Very grateful for the content and I hope to implement it in my life.
This book was such a random pickup by me, but because I love the topic, I was happy to read it. This would be a really great book to read for someone who is not familiar with personal finance, saving/investing, budget, etc., at all. Especially in their early thirties (obviously). I pulled a few nuggets from it myself. I like this guy’s approach to personal finance for the most part. My hunch is that it’s probably like a 80% copy/paste of the 20s and 40s one, with a few different sections added/subtracted. But, as I’m guessing is true of the other volumes, the really helpful stuff is the sections on age-specific items, such as good financial goals to complete by the end of your thirties. Overall, good!
“Some people may define financial progress as ‘being able to afford more.’ I define it differently, as ‘needing less money to live.’”
This book both irritated me and made me say "oooooh!" aloud, and then go change my habits. I'm a year from 40 and no stranger to books on financial health and money/emotional life, yet I didn't know many of the insights this book offered. So, Five Stars, even though I rolled my eyes at the dad jokes and bristled when the book's voice got straight-up bossy. The sections on debt and budgeting alone are worth this very readable (hello, 12-pt font and easy-on-the-eyes line-spacing -I could hug the type-setter) book's cover price, and that's before you get to the Choose Your Own Adventure section and tear out sheets at the back.

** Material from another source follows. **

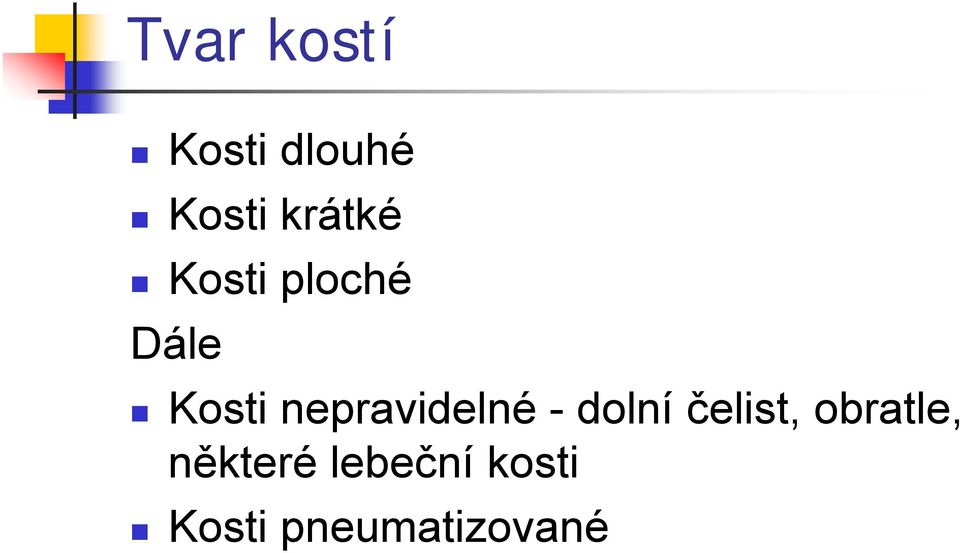 nepravidelné - dolní čelist,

Finally finished this book. I really enjoyed reading the first part and it is very easy to read. I got slowed down and lost interest towards the end where it discusses retirement, insurance, and financial advisors mostly because it's not relevant to me. The author tries to use realistic examples but saying that if you make 75k you should be saving 17k a year in retirement is way out of scale for someone who makes a third of that and couldn't possibly save the same ratio and live. Still it was all useful information to mull over and I reccommend to everyone to read about your finances now before you are close to retirement and it is too late.
Basic info. A good read for a novice to get you on the right track financially. However, this book was written quickly and many content errors were present, but none that defeat the purpose of the text.
This book is absolutely a must-read for anyone approaching 30 or who is already in their 30's. The concepts in this book have empowered me to make a few immediate changes in my financial life that will benefit me tremendously in the future.
This is a quick read with practical advice and goal setting tips. It motivated my husband and I to take a look at our finances, talk about long-term and short-term goals, and meet with our financial planner. Pete the Planner is about financial behaviors not budgeting, which I like.
Simple to read, nothing I didn't already know, but a good re-enforcement. I think Dave Ramsey's Complete Guide to Money was better for me, but Peter Dunn also knows his stuff.